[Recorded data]
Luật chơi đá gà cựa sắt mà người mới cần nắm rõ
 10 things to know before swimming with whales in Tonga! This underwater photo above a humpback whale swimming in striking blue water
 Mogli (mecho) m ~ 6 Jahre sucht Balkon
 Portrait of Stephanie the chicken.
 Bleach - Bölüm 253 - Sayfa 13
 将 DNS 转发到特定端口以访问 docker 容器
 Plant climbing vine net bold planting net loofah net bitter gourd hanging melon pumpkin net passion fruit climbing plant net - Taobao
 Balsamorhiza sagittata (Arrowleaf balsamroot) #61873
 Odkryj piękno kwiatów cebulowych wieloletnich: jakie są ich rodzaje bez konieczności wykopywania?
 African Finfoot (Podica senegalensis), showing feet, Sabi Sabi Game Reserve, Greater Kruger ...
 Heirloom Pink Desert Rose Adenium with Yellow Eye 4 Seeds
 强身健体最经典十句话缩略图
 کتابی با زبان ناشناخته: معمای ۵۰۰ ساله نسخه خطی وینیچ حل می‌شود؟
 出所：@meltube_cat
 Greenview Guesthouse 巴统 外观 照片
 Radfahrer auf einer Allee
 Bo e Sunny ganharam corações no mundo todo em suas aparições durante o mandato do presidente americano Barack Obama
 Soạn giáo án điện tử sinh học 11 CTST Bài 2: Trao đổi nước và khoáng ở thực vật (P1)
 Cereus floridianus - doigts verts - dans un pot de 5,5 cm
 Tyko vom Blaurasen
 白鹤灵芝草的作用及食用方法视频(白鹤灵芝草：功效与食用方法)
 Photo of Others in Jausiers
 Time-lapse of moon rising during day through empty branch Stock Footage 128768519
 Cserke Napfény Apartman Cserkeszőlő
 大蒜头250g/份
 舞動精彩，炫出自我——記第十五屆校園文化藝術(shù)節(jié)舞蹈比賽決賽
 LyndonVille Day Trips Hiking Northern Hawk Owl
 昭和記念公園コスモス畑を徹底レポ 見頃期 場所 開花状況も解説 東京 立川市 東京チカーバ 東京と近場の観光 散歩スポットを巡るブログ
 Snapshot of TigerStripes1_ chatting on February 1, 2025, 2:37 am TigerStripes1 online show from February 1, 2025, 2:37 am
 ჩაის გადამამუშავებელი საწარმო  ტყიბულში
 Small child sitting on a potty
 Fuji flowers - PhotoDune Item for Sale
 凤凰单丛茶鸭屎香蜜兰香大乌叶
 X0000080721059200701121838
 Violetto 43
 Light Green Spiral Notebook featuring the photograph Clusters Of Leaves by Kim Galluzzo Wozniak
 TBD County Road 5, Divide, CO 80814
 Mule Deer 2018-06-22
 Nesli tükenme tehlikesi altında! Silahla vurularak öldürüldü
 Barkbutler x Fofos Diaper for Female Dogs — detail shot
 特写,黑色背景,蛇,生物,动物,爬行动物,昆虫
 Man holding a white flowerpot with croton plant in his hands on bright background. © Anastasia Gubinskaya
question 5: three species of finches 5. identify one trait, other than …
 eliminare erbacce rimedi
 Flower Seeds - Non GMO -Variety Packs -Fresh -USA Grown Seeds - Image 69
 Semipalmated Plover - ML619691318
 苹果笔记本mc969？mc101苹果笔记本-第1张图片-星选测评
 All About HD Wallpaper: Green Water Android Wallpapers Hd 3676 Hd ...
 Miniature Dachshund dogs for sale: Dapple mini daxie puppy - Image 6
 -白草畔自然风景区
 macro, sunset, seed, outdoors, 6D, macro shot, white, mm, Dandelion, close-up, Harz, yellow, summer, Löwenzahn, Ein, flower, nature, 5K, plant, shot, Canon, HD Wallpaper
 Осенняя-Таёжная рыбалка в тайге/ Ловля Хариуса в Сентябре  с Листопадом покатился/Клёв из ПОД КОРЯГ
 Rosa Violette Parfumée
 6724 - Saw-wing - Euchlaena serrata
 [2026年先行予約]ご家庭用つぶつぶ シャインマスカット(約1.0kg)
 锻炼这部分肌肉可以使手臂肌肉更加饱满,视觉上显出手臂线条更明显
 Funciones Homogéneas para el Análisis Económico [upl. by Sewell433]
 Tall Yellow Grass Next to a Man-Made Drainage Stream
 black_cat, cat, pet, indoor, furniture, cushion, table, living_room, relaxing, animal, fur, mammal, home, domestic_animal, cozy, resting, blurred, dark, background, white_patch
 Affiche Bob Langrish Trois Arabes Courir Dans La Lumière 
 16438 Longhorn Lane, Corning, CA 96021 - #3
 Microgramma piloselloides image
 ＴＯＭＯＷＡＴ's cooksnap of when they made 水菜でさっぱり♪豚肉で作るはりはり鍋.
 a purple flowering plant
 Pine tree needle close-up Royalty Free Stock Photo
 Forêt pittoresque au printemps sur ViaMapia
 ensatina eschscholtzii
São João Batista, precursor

WHAT NEEDS TO BE DONE:
Set down precisely the lines above between the line holding "Fuji flowers - PhotoDune Item for Sale" and the line holding "Tall Yellow Grass", inclusive, and nothing beyond them.

OUTPUT FOR THIS EXERCISE:
 Fuji flowers - PhotoDune Item for Sale
 凤凰单丛茶鸭屎香蜜兰香大乌叶
 X0000080721059200701121838
 Violetto 43
 Light Green Spiral Notebook featuring the photograph Clusters Of Leaves by Kim Galluzzo Wozniak
 TBD County Road 5, Divide, CO 80814
 Mule Deer 2018-06-22
 Nesli tükenme tehlikesi altında! Silahla vurularak öldürüldü
 Barkbutler x Fofos Diaper for Female Dogs — detail shot
 特写,黑色背景,蛇,生物,动物,爬行动物,昆虫
 Man holding a white flowerpot with croton plant in his hands on bright background. © Anastasia Gubinskaya
question 5: three species of finches 5. identify one trait, other than …
 eliminare erbacce rimedi
 Flower Seeds - Non GMO -Variety Packs -Fresh -USA Grown Seeds - Image 69
 Semipalmated Plover - ML619691318
 苹果笔记本mc969？mc101苹果笔记本-第1张图片-星选测评
 All About HD Wallpaper: Green Water Android Wallpapers Hd 3676 Hd ...
 Miniature Dachshund dogs for sale: Dapple mini daxie puppy - Image 6
 -白草畔自然风景区
 macro, sunset, seed, outdoors, 6D, macro shot, white, mm, Dandelion, close-up, Harz, yellow, summer, Löwenzahn, Ein, flower, nature, 5K, plant, shot, Canon, HD Wallpaper
 Осенняя-Таёжная рыбалка в тайге/ Ловля Хариуса в Сентябре  с Листопадом покатился/Клёв из ПОД КОРЯГ
 Rosa Violette Parfumée
 6724 - Saw-wing - Euchlaena serrata
 [2026年先行予約]ご家庭用つぶつぶ シャインマスカット(約1.0kg)
 锻炼这部分肌肉可以使手臂肌肉更加饱满,视觉上显出手臂线条更明显
 Funciones Homogéneas para el Análisis Económico [upl. by Sewell433]
 Tall Yellow Grass Next to a Man-Made Drainage Stream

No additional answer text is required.